→ **Short descriptive text snippets**:
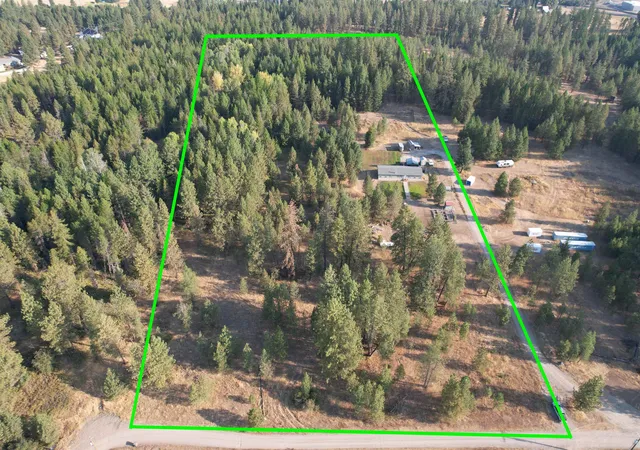 Photo 4 of Sale Pending at 5508 W Antler Rd, Deer Park, WA 99006 | MLS# 202623190 | Listing updated on 2026-10-01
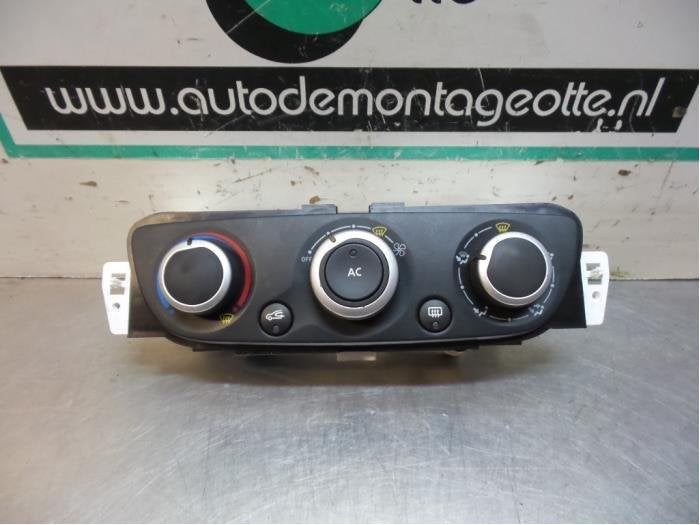 Panneau de commandes chauffage d'un Renault Megane (Megane 0, Renault, -, 3 mois de garantie, Utilisé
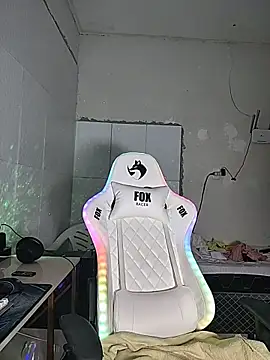 dani123unica online show from December 18, 10:30 am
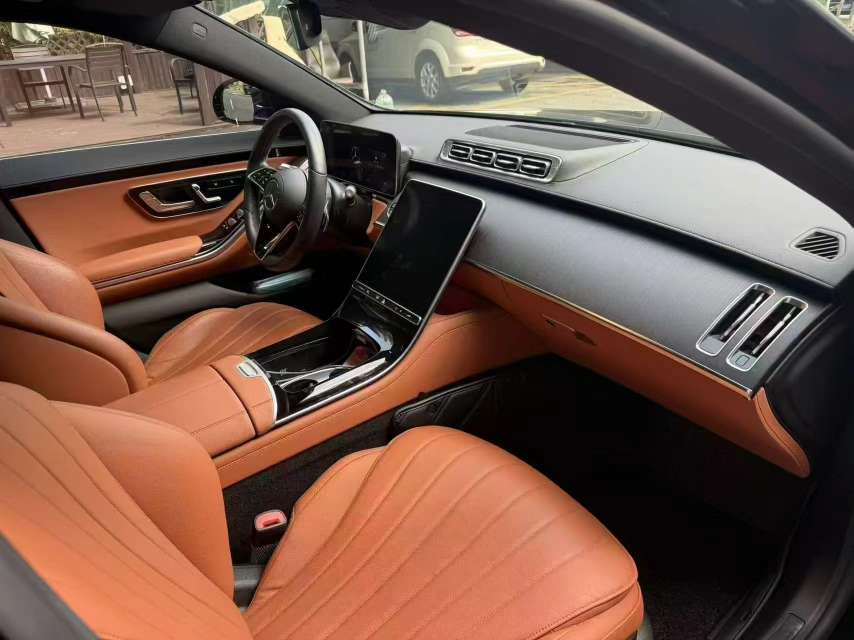 Mercedes-Benz S-Class S400L 5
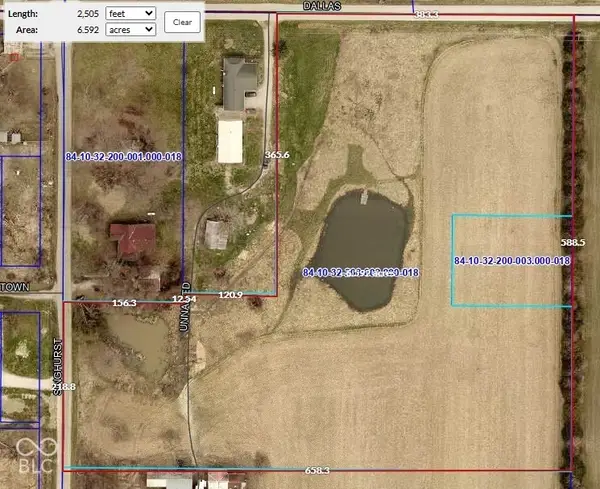 8866 S Singhurst Street, Terre Haute, IN 47802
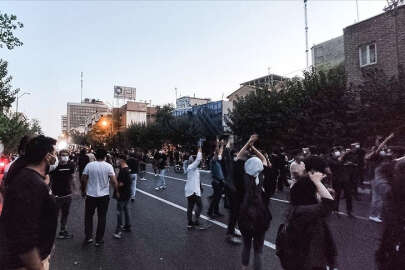 İran devlet televizyonu gösterilerde ölenlerin sayısının 35'e ulaştığını açıkladı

→ **WHAT YOU WILL DO**: Write out every entry again word for word, without any of the pictures.

→ **OUTPUT**:
 Photo 4 of Sale Pending at 5508 W Antler Rd, Deer Park, WA 99006 | MLS# 202623190 | Listing updated on 2026-10-01
 Panneau de commandes chauffage d'un Renault Megane (Megane 0, Renault, -, 3 mois de garantie, Utilisé
 dani123unica online show from December 18, 10:30 am
 Mercedes-Benz S-Class S400L 5
 8866 S Singhurst Street, Terre Haute, IN 47802
 İran devlet televizyonu gösterilerde ölenlerin sayısının 35'e ulaştığını açıkladı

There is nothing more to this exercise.